# DATA SEGMENT
◇ ◇ ◇ ◇ ◇ ◇ ◇

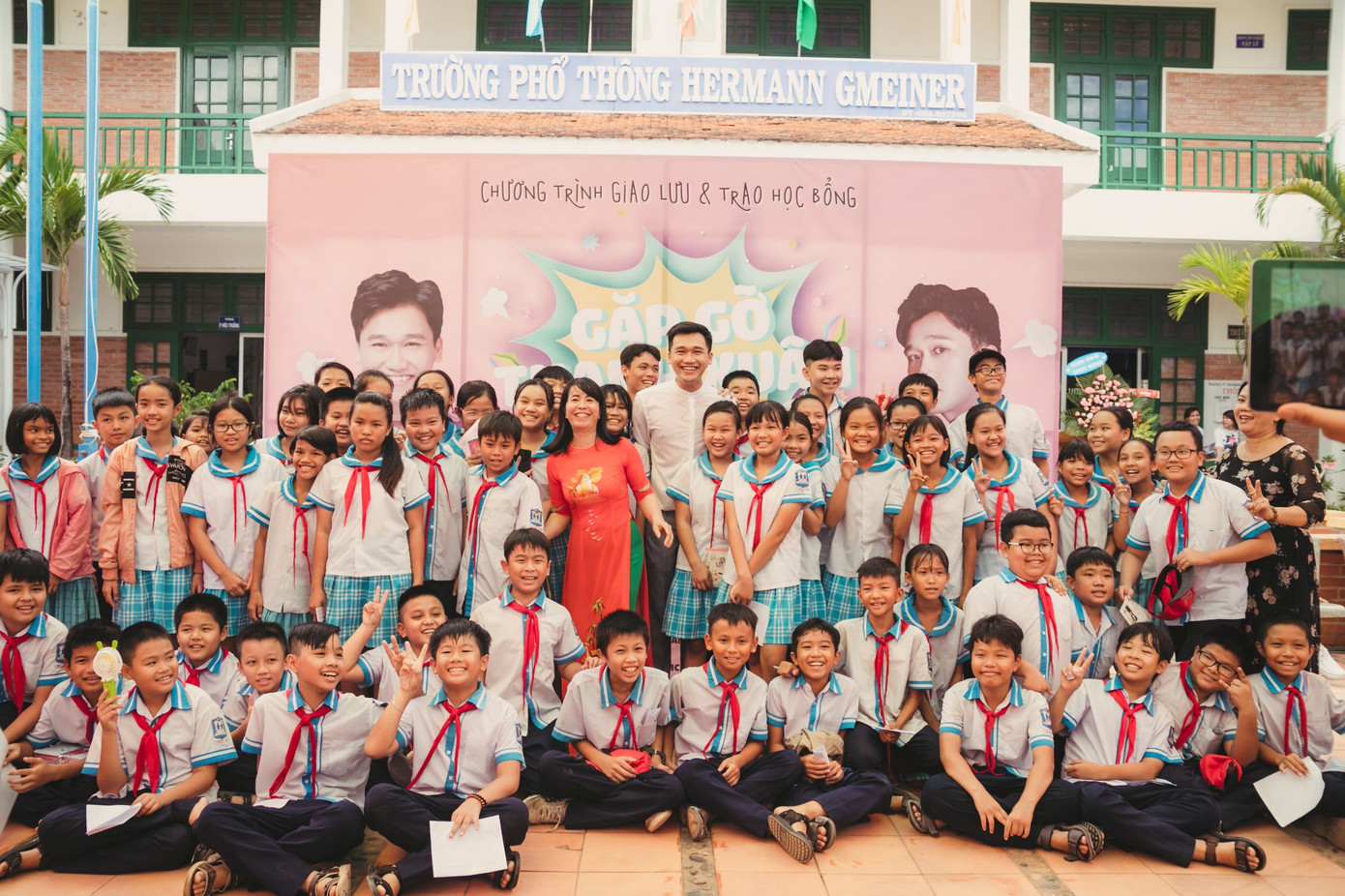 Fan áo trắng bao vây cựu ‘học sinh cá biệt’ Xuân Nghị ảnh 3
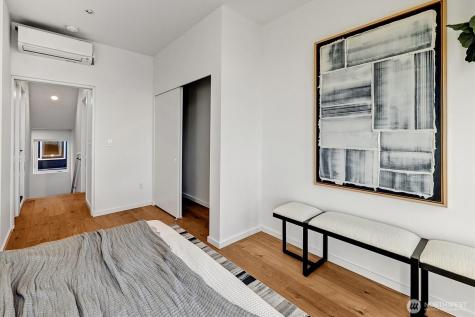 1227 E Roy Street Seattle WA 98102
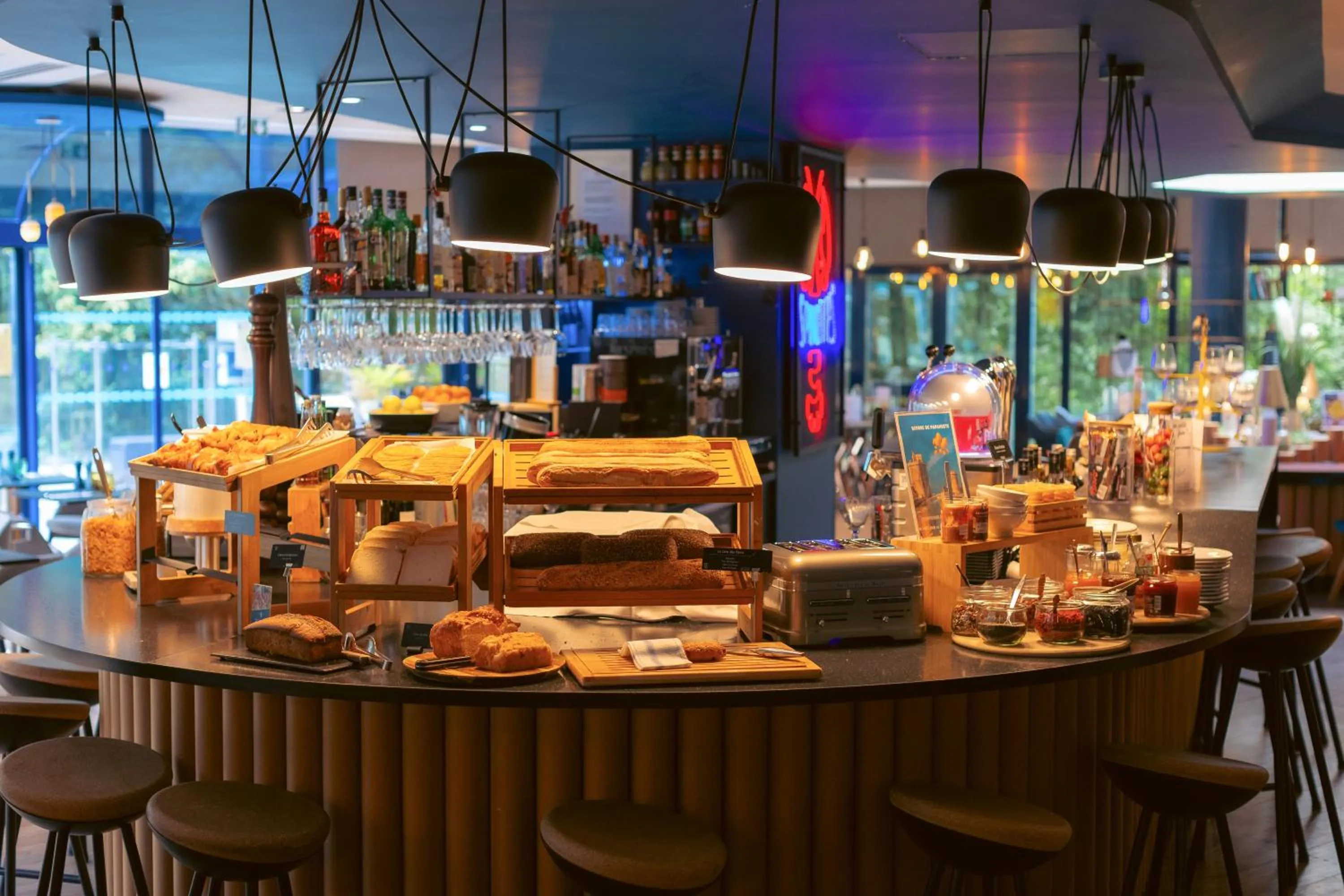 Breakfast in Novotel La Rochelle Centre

◇ ◇ ◇ ◇ ◇ ◇ ◇

# EXERCISE INSTRUCTIONS
Please output all of the data exactly as given, omitting any images it holds.

# RESPONSE AREA
 Fan áo trắng bao vây cựu ‘học sinh cá biệt’ Xuân Nghị ảnh 3
 1227 E Roy Street Seattle WA 98102
 Breakfast in Novotel La Rochelle Centre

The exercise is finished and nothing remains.